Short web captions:
● ● ● ● ● ● ●
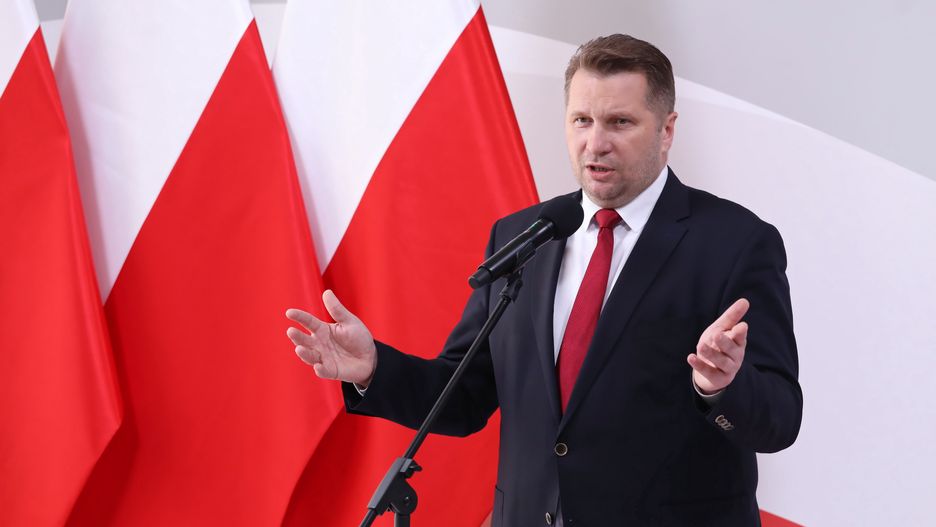 Przemysław Czarnek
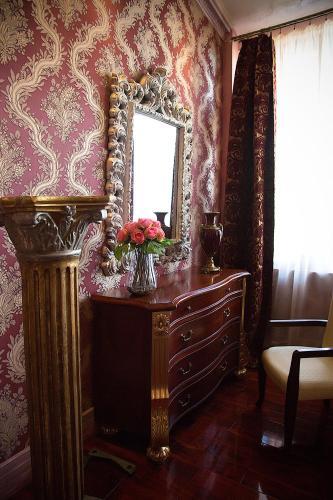 Hotel Buen Retiro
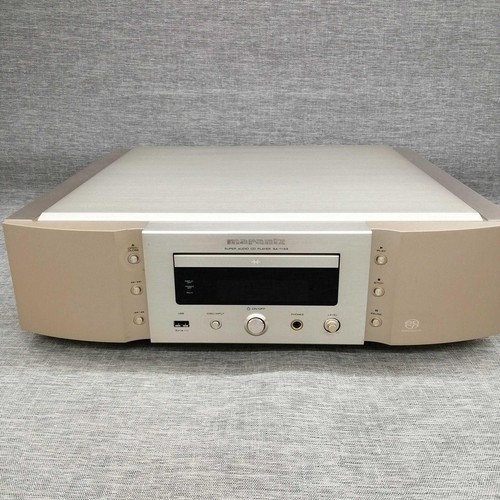 Marantz 11s3 sacd player - sacd,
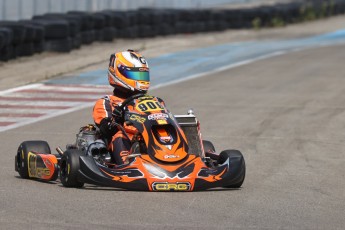 Karting à ICAR samedi 5 juillet- COUPE DE MONTRÉAL #4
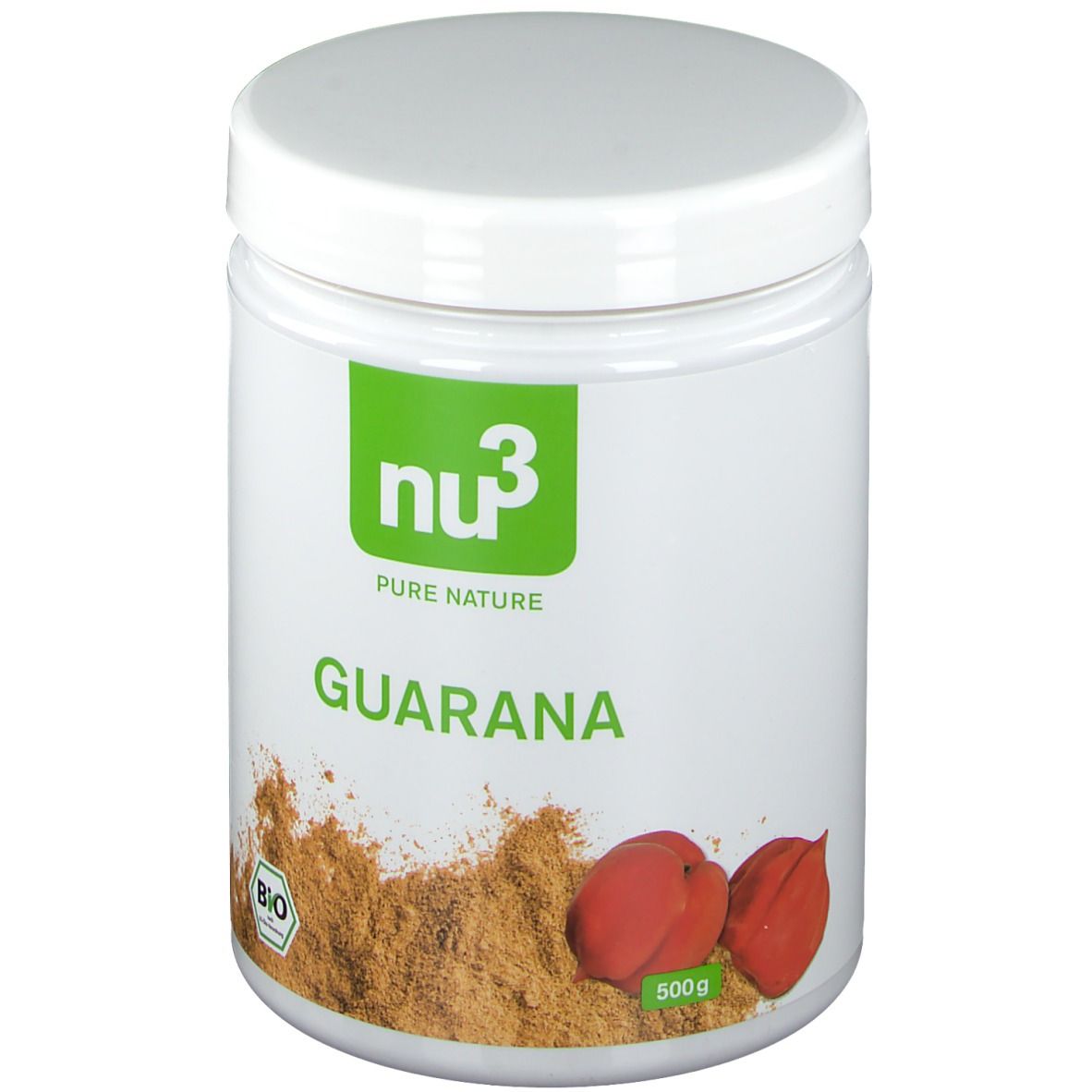 nu3 Guarana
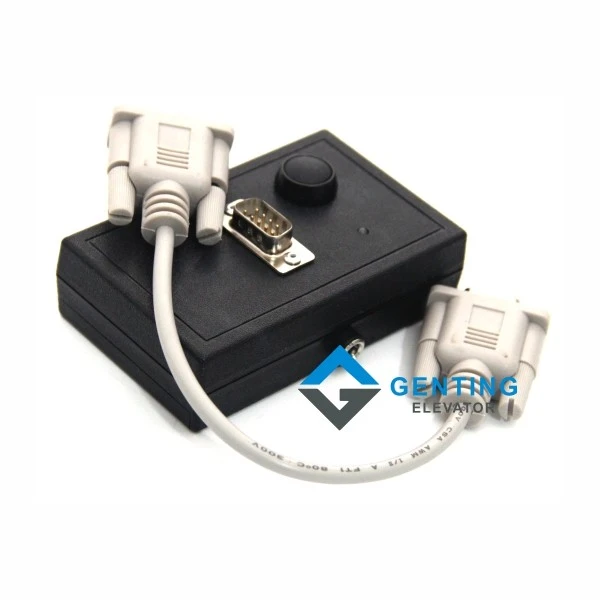 Kone original elevator parts KM878240G01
● ● ● ● ● ● ●
Exercise prompt: Exactly as given, transcribe every line of the data, but not its images.

Written solution:
 Przemysław Czarnek
 Hotel Buen Retiro
 Marantz 11s3 sacd player - sacd,
 Karting à ICAR samedi 5 juillet- COUPE DE MONTRÉAL #4
 nu3 Guarana
 Kone original elevator parts KM878240G01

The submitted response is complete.